Luxury watches were once modest, unassuming and esoteric. Photographs and information of top tier timepieces were inaccessible to most, and were only in the reach of those truly privileged.
But today, the proliferation of the internet and social media has turned tables for the once exclusive sport. Aside from the most well-known Rolex and Patek Philippe watches, many other brands have become more easily recognized by the man on the street. The ideal of ‘those who know will know’ has become even harder to attain, yet its appeal to true watch connoisseurs is ever increasing.
Most seasoned watch collectors will easily recognize the usual culprits, the Pateks, Rolexes, APs, Richemont/Swatch/LVMH brands from a distance. In order to make this list of watches that qualify as stealth wealth, we have chosen timepieces that are ‘unexpectedly’ expensive, yet not instantly recognizable. They look simple on the dial side, yet have hidden complications and/or ‘insane’ finishing.
Laurent Ferrier joins the ranks of the luxury sports watch world with an entrant worthy of the reputation – the Tourbillon Grand Sport, with the coveted LF Tourbillon in a new sporty case. It marks the brand’s tenth anniversary and also the founders’ motorsports careers.
Laurent Ferrier was once a race car driver in the 70s and also a pioneer watchmaker that worked on Patek Philippe’s Nautilus prototype. Cased in an unassuming stainless steel case and rubber strap, the tourbillon is only visible from the back. On the dial side, a simple time-only configuration is displayed. The watch is priced at S$280,000.
While it could pass off as a regular $18,000 1815 timepiece, the PLM is anything but the base model. The Pour le Mérite collection from A Lange & Söhne is considered to be the pinnacle of watchmaking for the Glashütte-based watch manufacturer. They are considered to be some of the most well-made, stunning, and complicated watches to be produced by the maison, and they are certainly one of the most desirable series of watches to collect for the longest time.
The 40.5mm Richard Lange Pour le Mérite is one of the five watches from the exquisite collection.
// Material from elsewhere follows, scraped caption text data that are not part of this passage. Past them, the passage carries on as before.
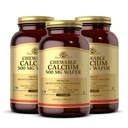 Solgar näritav kaltsium 500 mg - 120 vahtu, pakend 3 - edendab luu- ja lihaskonna tervist - mitte-GMO, vegan, gluteen, nisu ja piima vaba, Kosher - 180 kogu serveerimine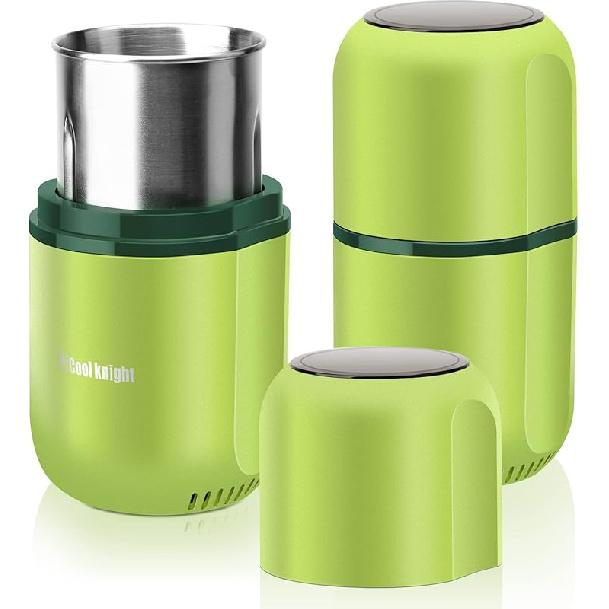 COOL KNIGHT Herb Grinder [large capacity/fast/Electric ]-Spice Herb Coffee Grinder with Pollen Catcher/- 7.5  (Black)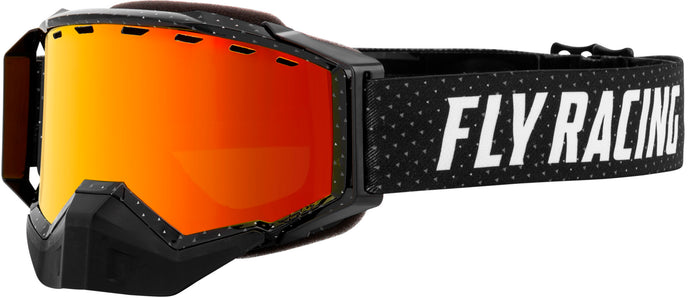 ZONE SNOW GOGGLE BLACK/GREY W/ RED MIRROR/BROWN LENS FLB-053 image 1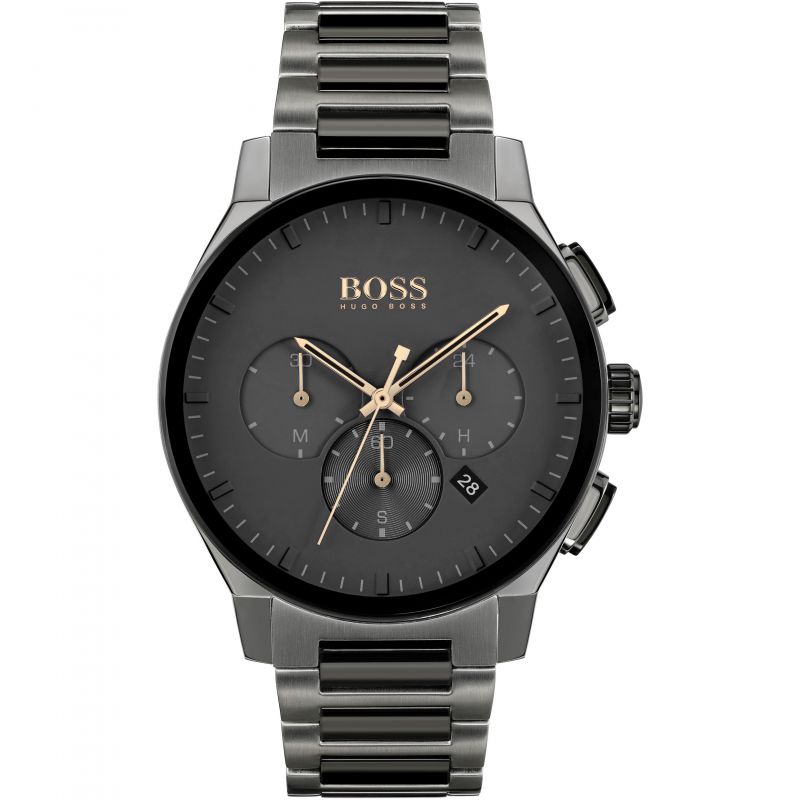 Hugo Boss Peak Black Dial Black Steel Strap Watch for Men - 1513814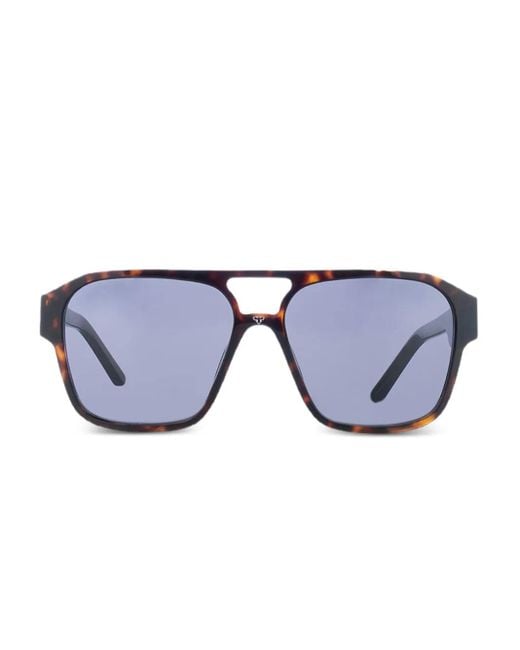 FACE HIDE Blue Tortoiseshell Double-Bridge Sunglasses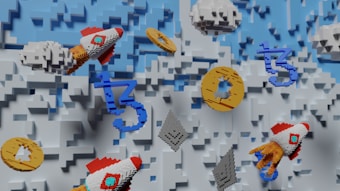 A digital or voxel art scene featuring rockets, stylized coins, and abstract symbols against a three-dimensional pixelated blue and gray background. The rockets appear to have pixelated flames and are flying among coins and geometric shapes.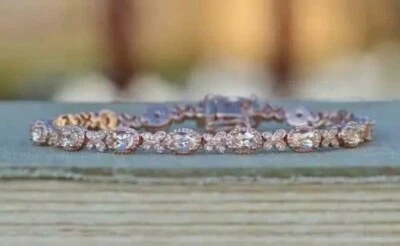 Brazalete tenis morganita melocotón y diamantes talla ovalada de 7 quilates para mujer oro rosa de 14 quilates Foto 1 de 4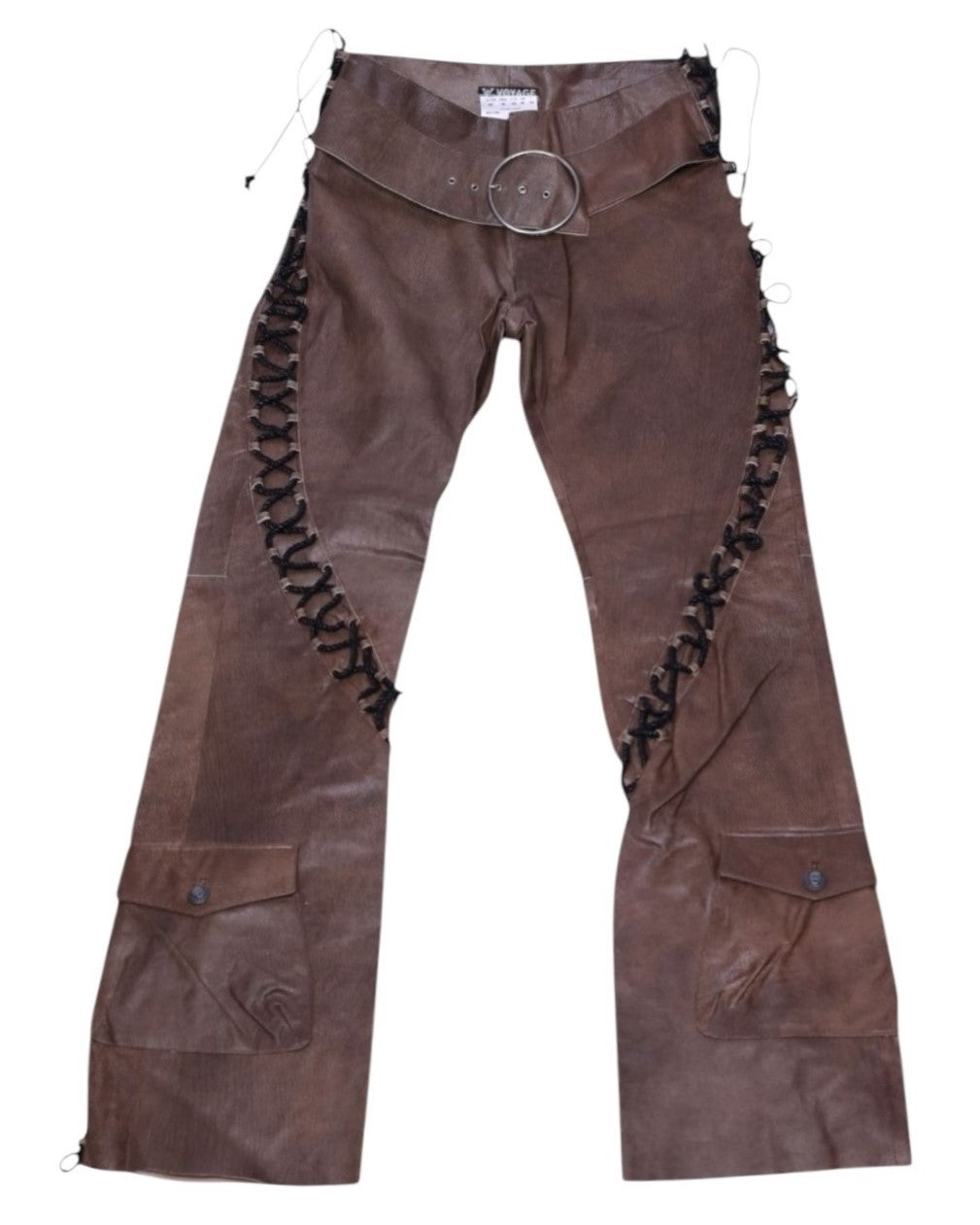 A pair of brown leather pants with lace-up details on the side. Vintage Voyage Mazzilli Michielsens brown leather trousers/pants with dramatic lace-up sides, oversized O-ring belt and flap cargo pockets near the hems; straight-to-flare leg with clean finish. Unique luxury piece, rare and statement, laid flat on a white background.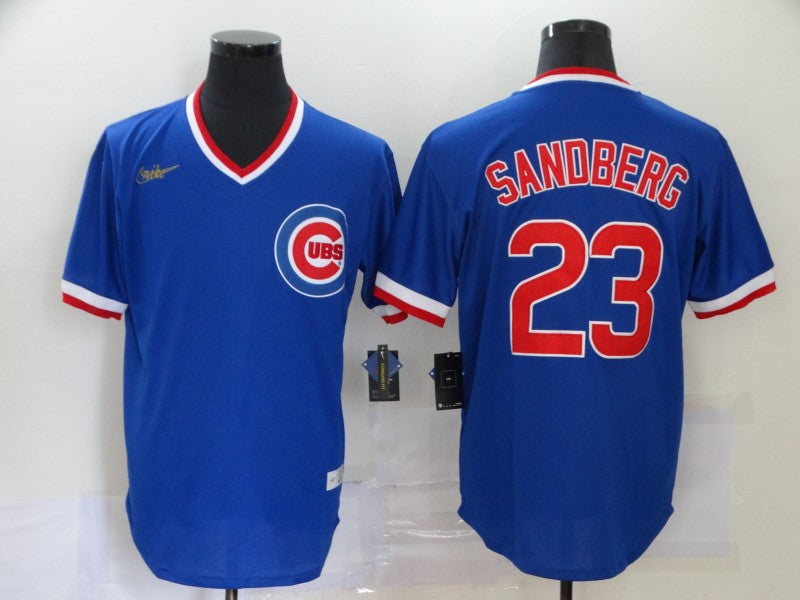 Ryne Sandberg Chicago Cubs blue Throwback jersey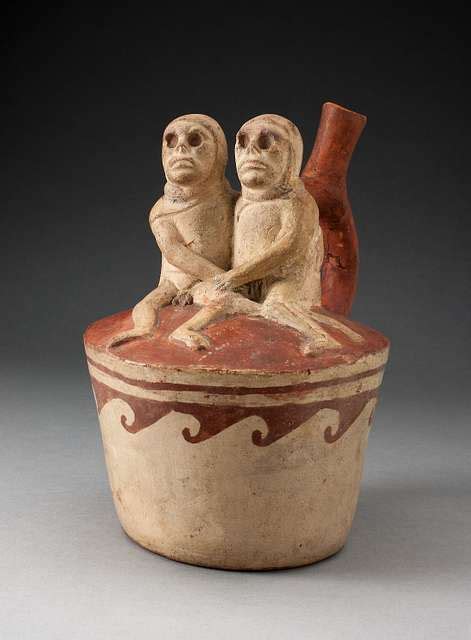 Spout Vessel Depicting Two Skeletal Figures In Erotic Scene Attached To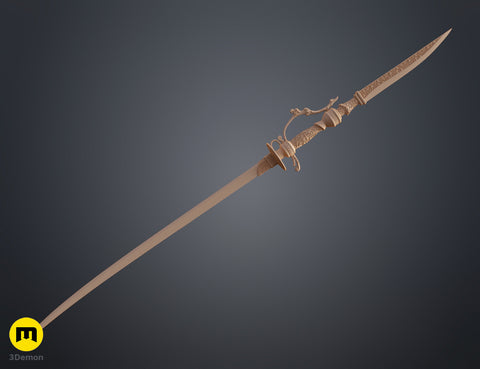 Clay render of Lady Maria Rakuyo Blade Bloodborne full connected weapon top-down angle tan material showing symmetry and sculptural form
While it might be the least complicated one (it is the only one without a tourbillon regulator), there is a lot more to it than meets the eye. Beneath the stunning enamel dial lies an incredibly finished movement that houses a fusée-and-chain mechanism. The mechanism, which is made up of 636 components in this particular watch, allows the constant force to be supplied to the escapement as the mainspring (or fusée) unwinds itself. This prevents the loss of torque from the conventional mainsprings, which may affect the accuracy of the timepiece as it progresses towards the tail-end of its power reserve.
The newer Richard Lange Pour le Mérite, which comes with white gold case and a black finish silver dial, is priced at US$82,500 (approximately S$113,636). However, the original version with the white enamel dial (as seen in the picture above) has long gone out of production and is expectedly more desirable than the newer model.
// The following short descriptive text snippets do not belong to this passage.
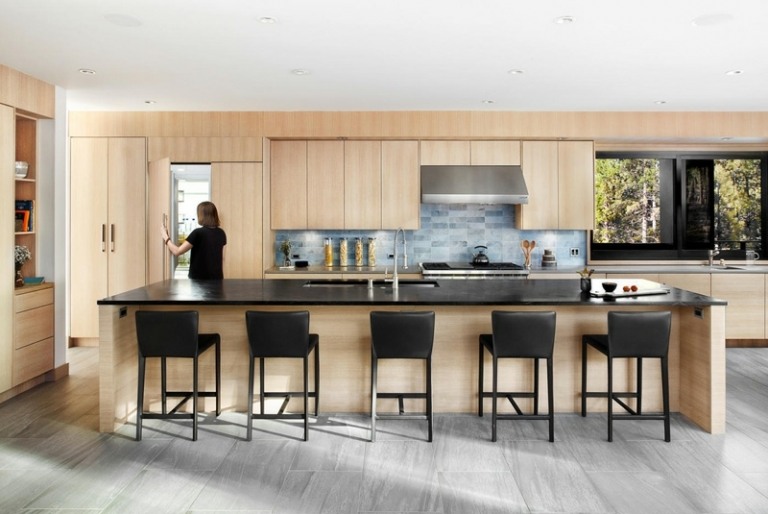 prízvuk stena budova kamenná dlažba šedá moderná kuchynská linka pult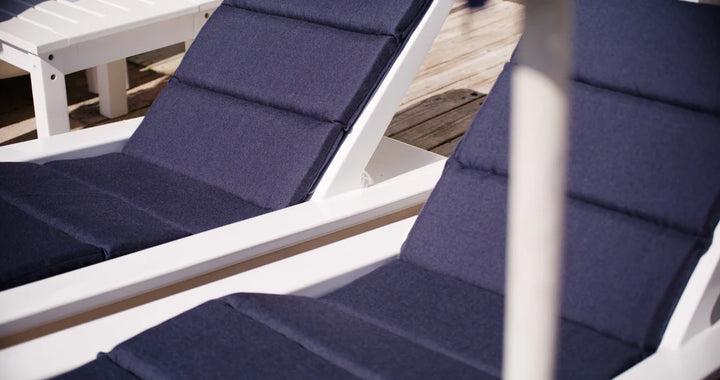 Deck Chaise Sunbrella Cushion - Full-Length Outdoor Chaise Lounge Cushion for Tupelo Deck Chaise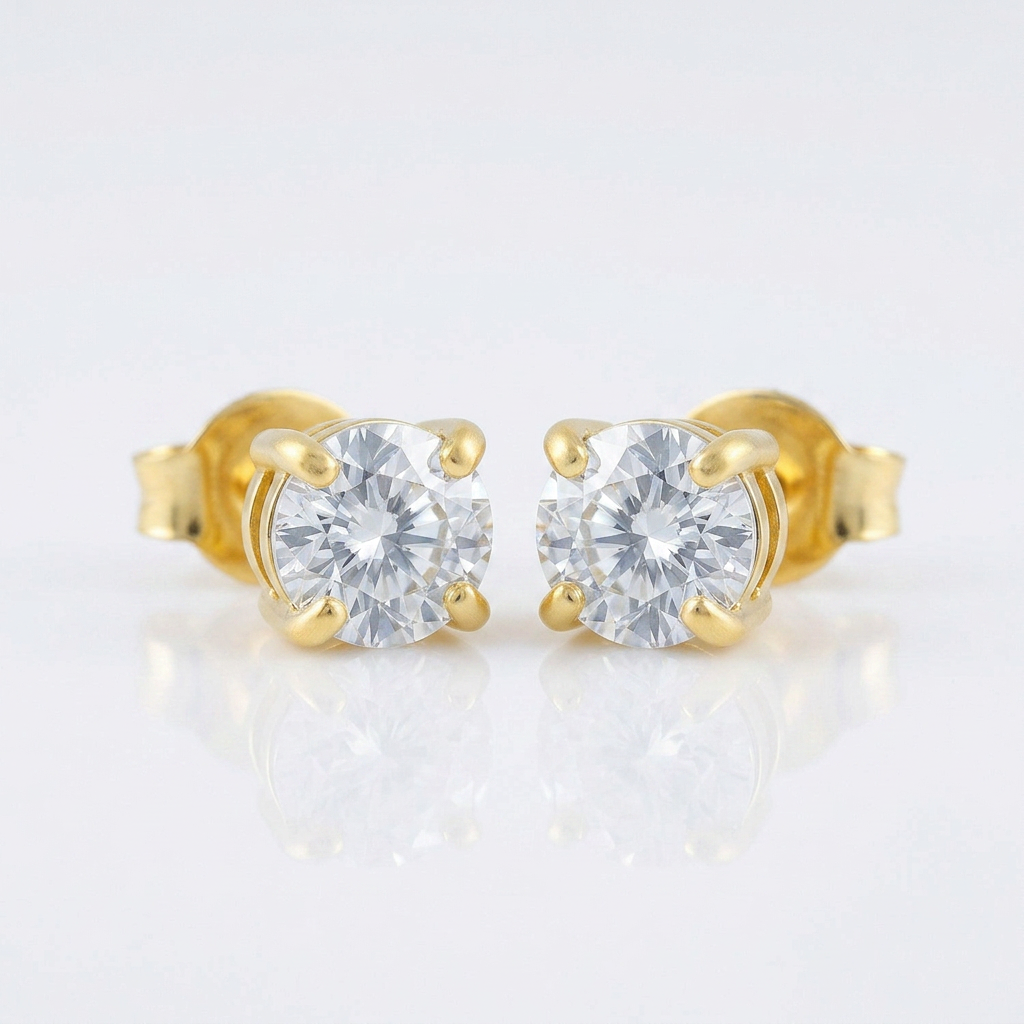 14 k Yellow Gold Stud Earrings with White Hue Faceted Cubic Zirconia DestGlow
The new Grand Seiko Elegance collection which marks the 20th anniversary of Spring Drive, reveals a new manual-winding thin dress series. The collection is made up of four different models, with the most talked about model, the Platinum SBGZ001 with a hammered case and snowflake dial.
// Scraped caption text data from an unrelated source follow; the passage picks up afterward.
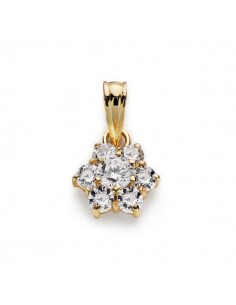 18K COLGANTE ORO AMARILLO CUAJO 7 CIRCONITA 10X9 MM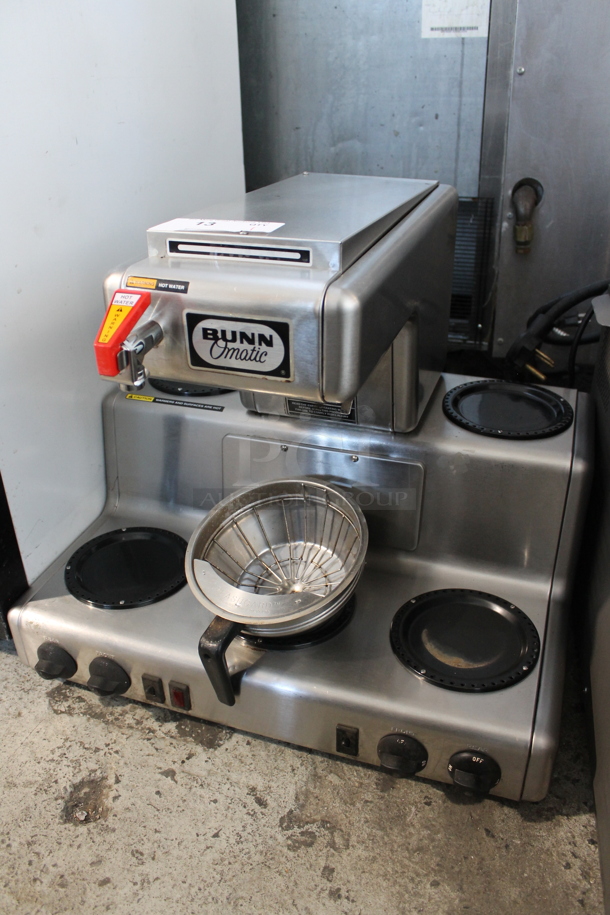 Bunn Stainless Steel Commercial Countertop 5 Burner Coffee Machine w/ Hot Water Dispenser and Metal Brew Basket.  - Image 3 of 7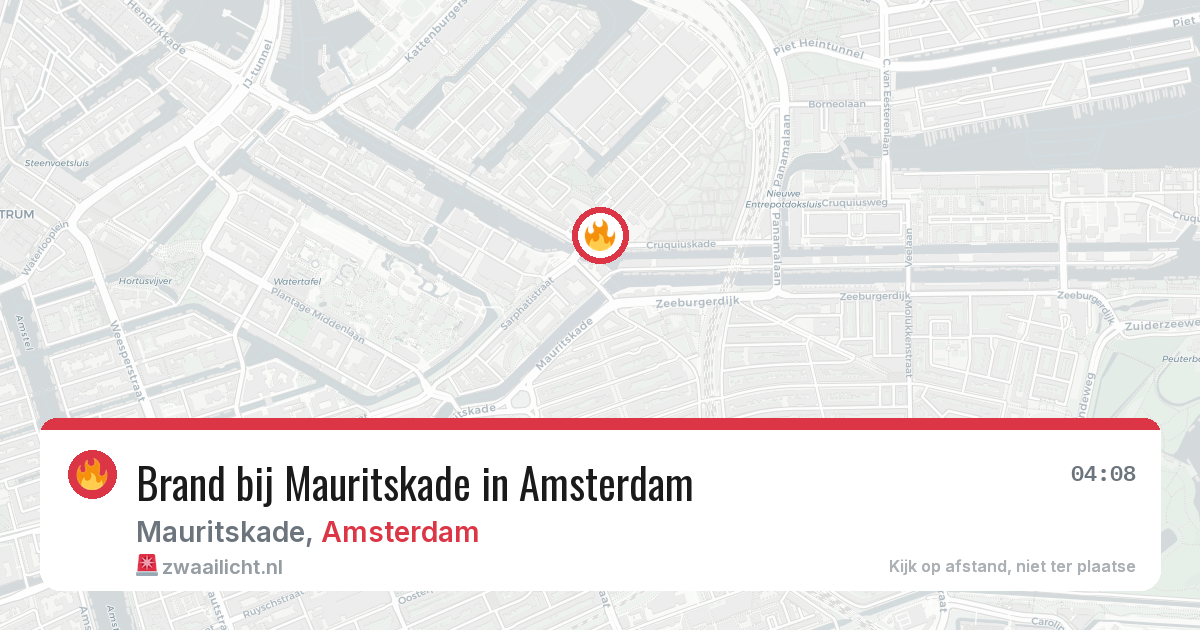 Brand bij Mauritskade in Amsterdam — 8 jul 2026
All the watches in the collection offer one-second-a-day precision and a long power reserve, thanks to the dual mainspring design of both calibers; namely the Caliber 9R02 used in the Platinum models and the 9R31 in the other metals. This time-only watch is limited to 30 pieces and priced at US$76,000.
The watch features a patina bronze case with an unusual off-center time display in the front. A constant force chain-fusee movement powers the watch with a tourbillon that is only visible from the rear.
Only 5 of these were made in bronze, and the watch is priced at CHF241,500.
Rexhep Rexhepi might not be a name that many have heard of, but he is in fact one of the most talented watchmakers in the industry today – just ask Kari Voutilainen. You may have even heard of his brand, AkriviA. Rexhepi is what many consider to be prodigious. At the ripe old age of 14, he joined Patek Philippe’s watchmaking school as an apprentice for three years where he honed his skills. He continued working for Patek Philippe for two years before moving on to BNB Concept where he worked on highly complicated movements and was put in charge of a team of watchmakers after just a year in – mind you, he was only 21 then.
The AkriviA Chronomètre Contemporain represents the very best fine watchmaking and in particular, independent watchmaking. The watch pays tribute to the ancient art of watchmaking and does so by executing each technique and skill to the absolute highest level. The Chronomètre Contemporain in red gold is priced at CHF55,000 while the platinum comes at CHF58,000.
This is possibly the least expensive watch in the list, yet the most accurate of them all. When it comes to stealth, it’s difficult to name a more stealth-wealth item than this US$16,800 quartz watch in white gold. While it’s not an exorbitant 6 digit timepiece, it must say a lot of its owner, who is willing to foot the bill for a timepiece that has a cousin that looks 95% alike and priced at $50 or less. This may just be the timepiece of choice for politicians in public settings.